# PROVIDED ENTRIES:
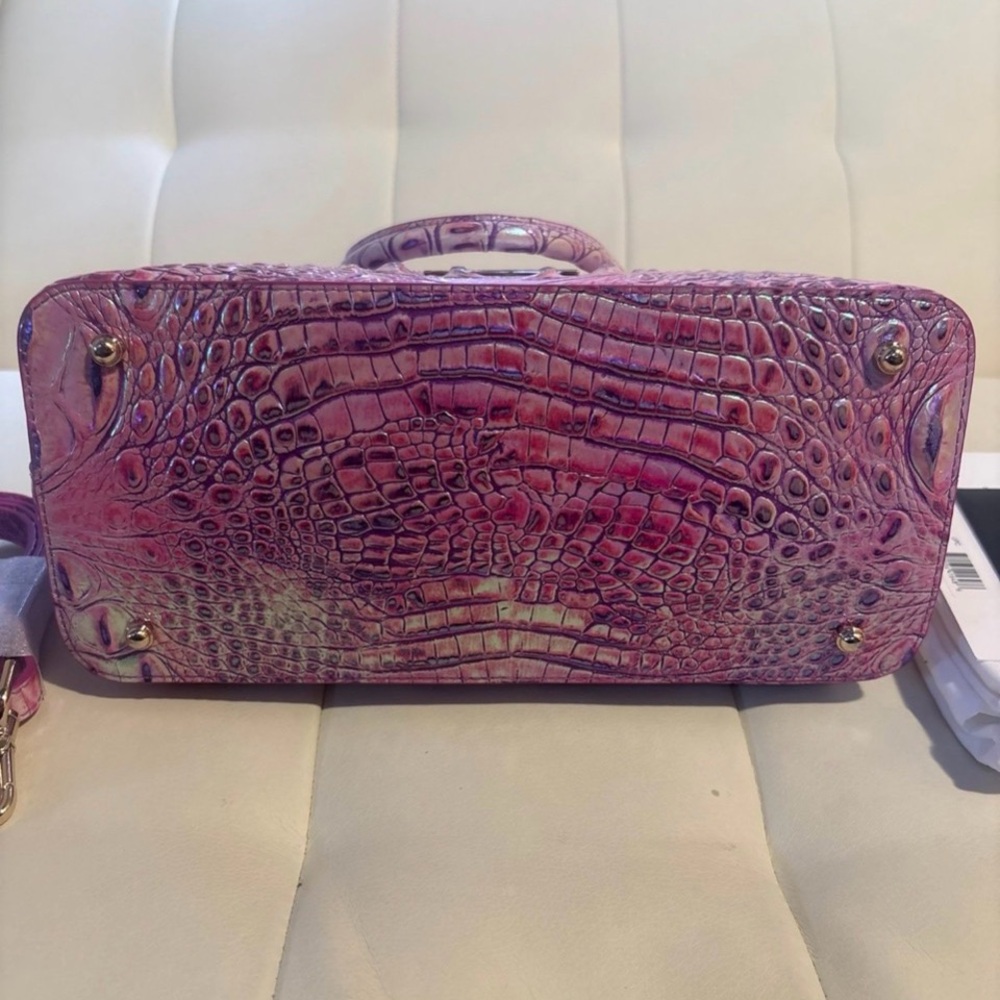“Brahmin” Duxbury Style, Genuine Leather Satchel in Purple Iris on Melbourne - Picture 7 of 12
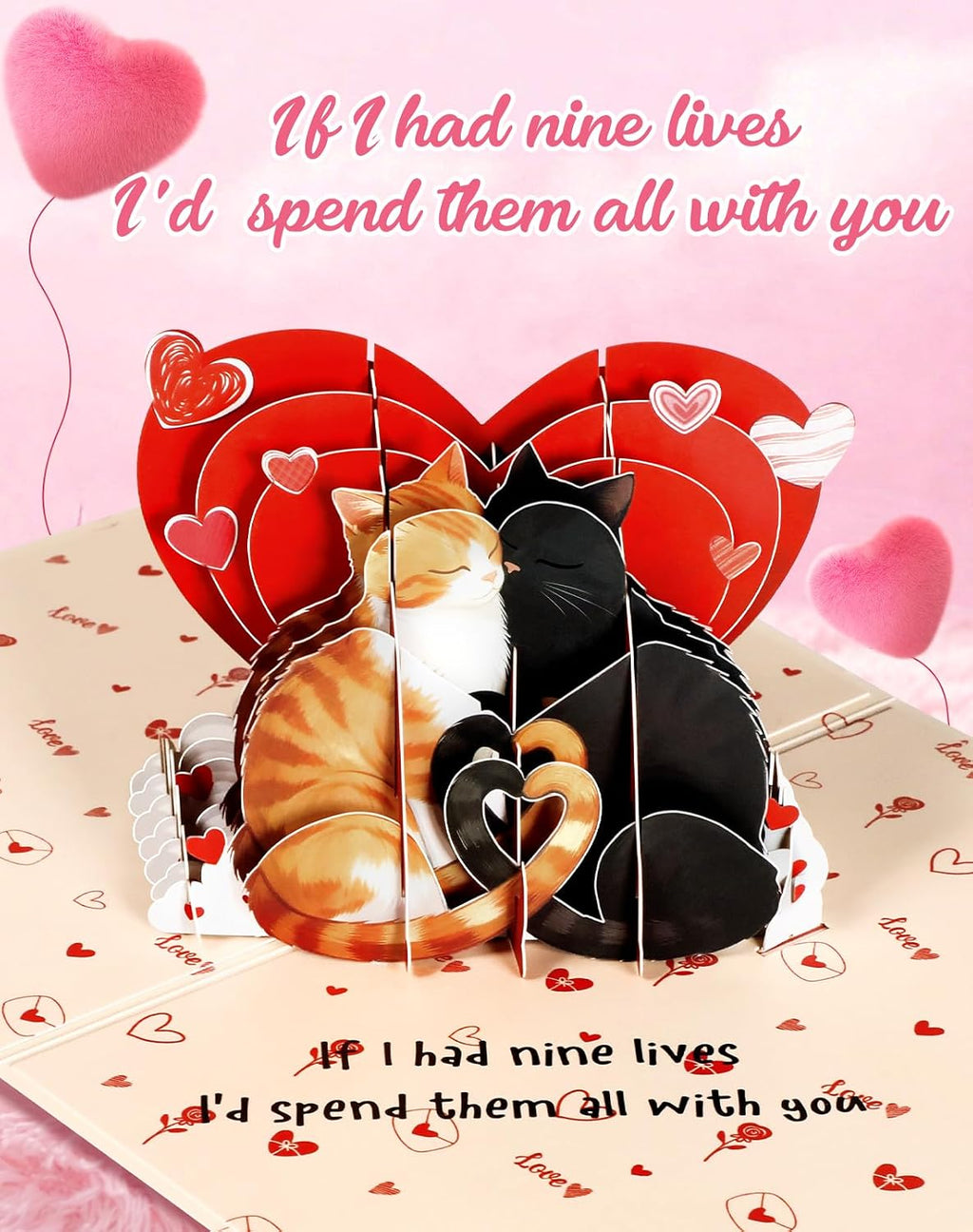 Pop Up Anniversary Card - Cat Couple Theme 3D Romantic Anniversary Pop Up Card Cute Wedding, Birthday Thinking of You Cards with Envelope Gift for Cats Lover, Her, Him, Wife, Girlfriend, Boyfirend, Husband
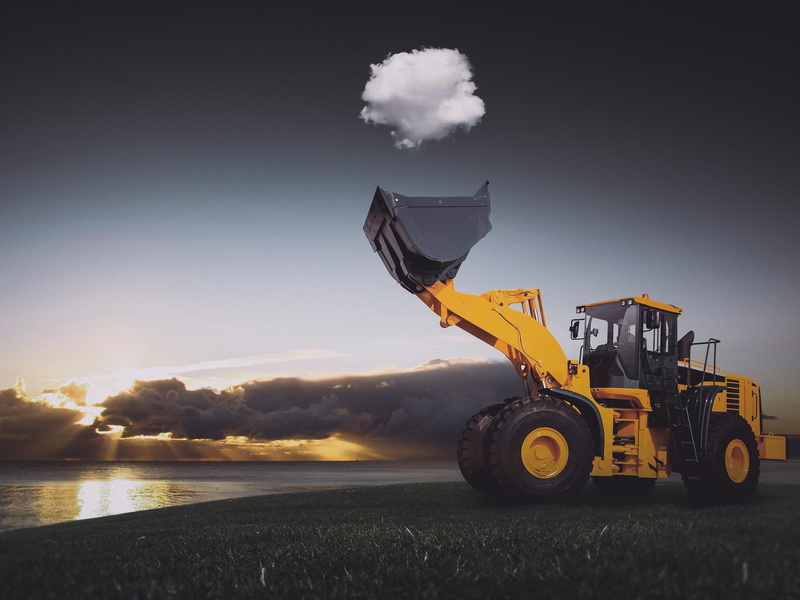 Wheels, clouds, mode of transportation, sunlight, construction industry, trucks, one person, Optical Illusion, sunset, land, vehicle, industry, plant, construction machinery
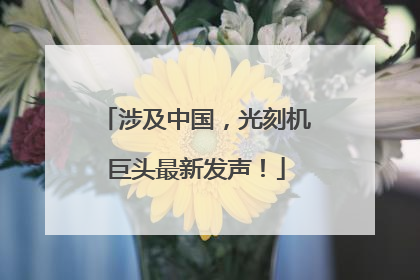 涉及中国，光刻机巨头最新发声！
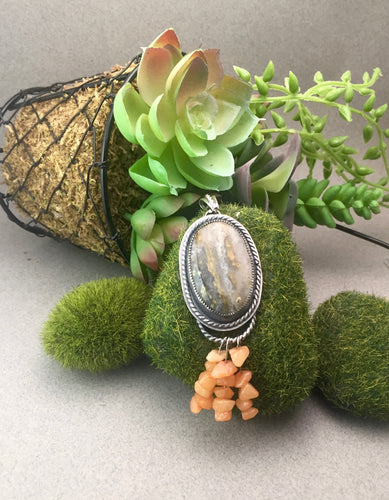 Ocean Jasper with Coordinating Fringe Pendant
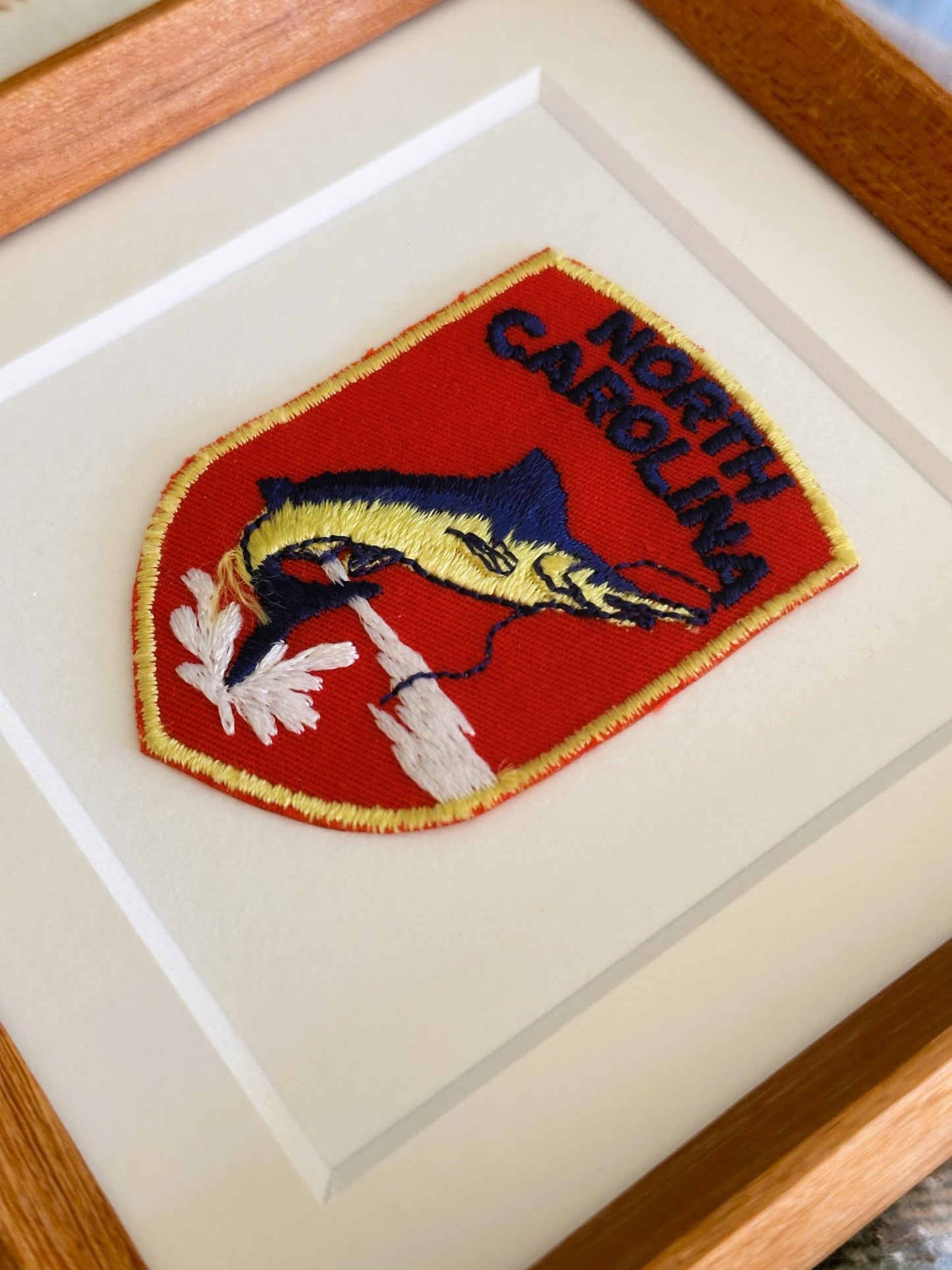 North Carolina Fish Vintage Framed Travel Patch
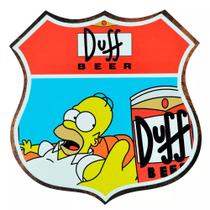 Quadro Placa Route em Madeira Decorativa - The Simpsons Duff Beer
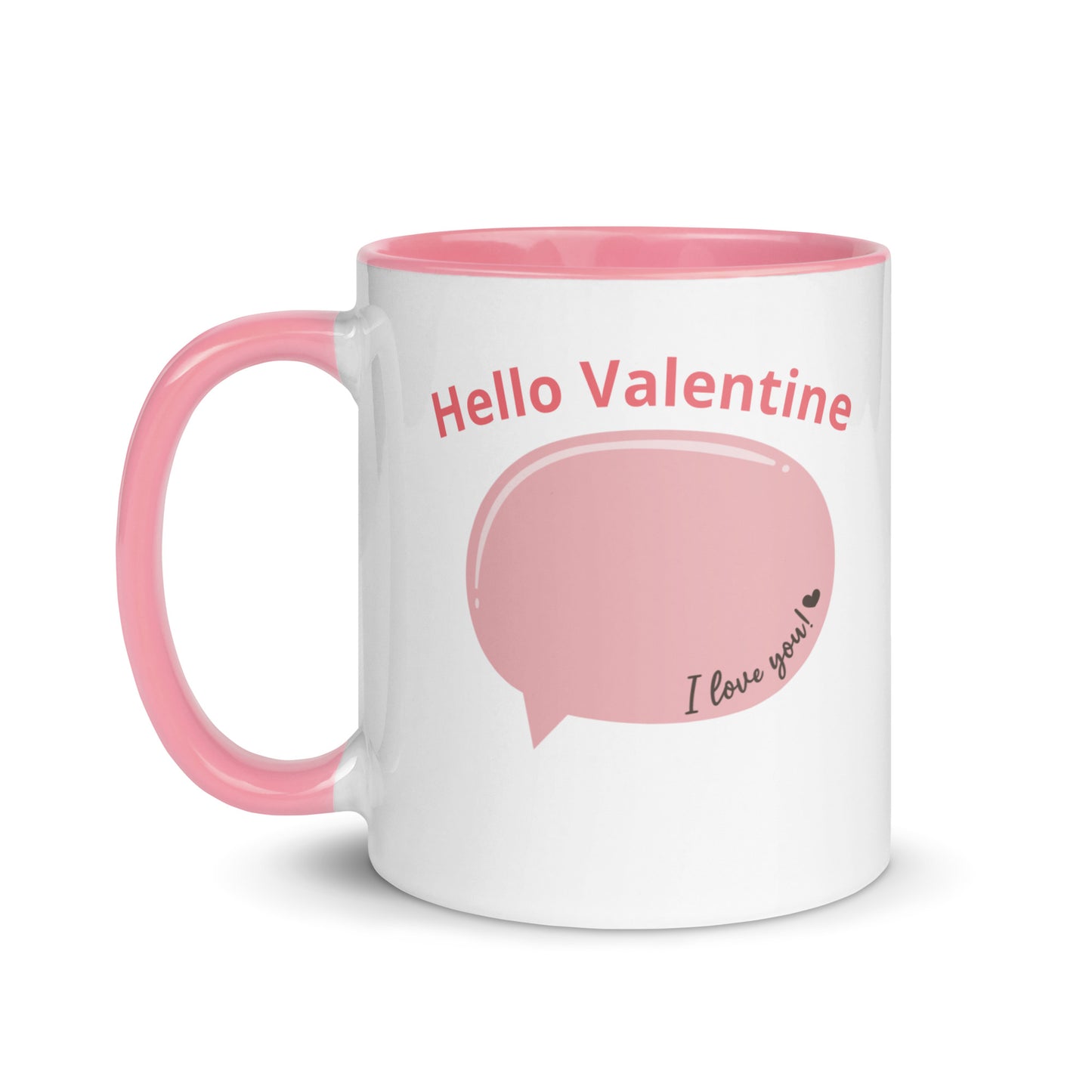 Taza de café con burbujas de diálogo y declaraciones de amor en color rosa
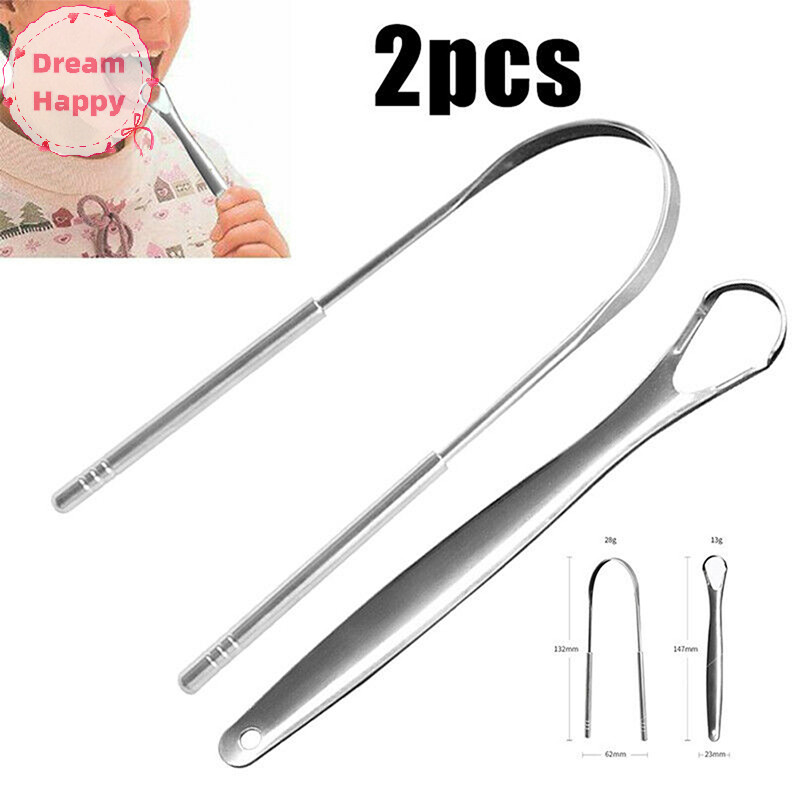Dreamhappy 2 ชิ้นที่ขูดลิ้นสแตนเลสทําความสะอาดลิ้นดูแลช่องปากสุขอนามัย Scraper TH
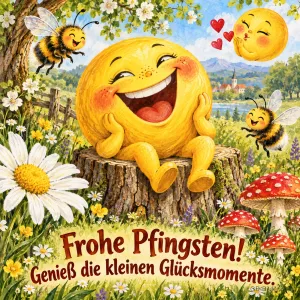 Lachende Sonne sitzt auf einem Baumstumpf, Bienen und Fliegenpilze, Text: Frohe Pfingsten! Genieß die kleinen Glücksmomente.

# EXERCISE AIM:
Word for word, reproduce the material above and omit each image.

# ANSWER SPACE:
“Brahmin” Duxbury Style, Genuine Leather Satchel in Purple Iris on Melbourne - Picture 7 of 12
 Pop Up Anniversary Card - Cat Couple Theme 3D Romantic Anniversary Pop Up Card Cute Wedding, Birthday Thinking of You Cards with Envelope Gift for Cats Lover, Her, Him, Wife, Girlfriend, Boyfirend, Husband
 Wheels, clouds, mode of transportation, sunlight, construction industry, trucks, one person, Optical Illusion, sunset, land, vehicle, industry, plant, construction machinery
 涉及中国，光刻机巨头最新发声！
 Ocean Jasper with Coordinating Fringe Pendant
 North Carolina Fish Vintage Framed Travel Patch
 Quadro Placa Route em Madeira Decorativa - The Simpsons Duff Beer
 Taza de café con burbujas de diálogo y declaraciones de amor en color rosa
Dreamhappy 2 ชิ้นที่ขูดลิ้นสแตนเลสทําความสะอาดลิ้นดูแลช่องปากสุขอนามัย Scraper TH
 Lachende Sonne sitzt auf einem Baumstumpf, Bienen und Fliegenpilze, Text: Frohe Pfingsten! Genieß die kleinen Glücksmomente.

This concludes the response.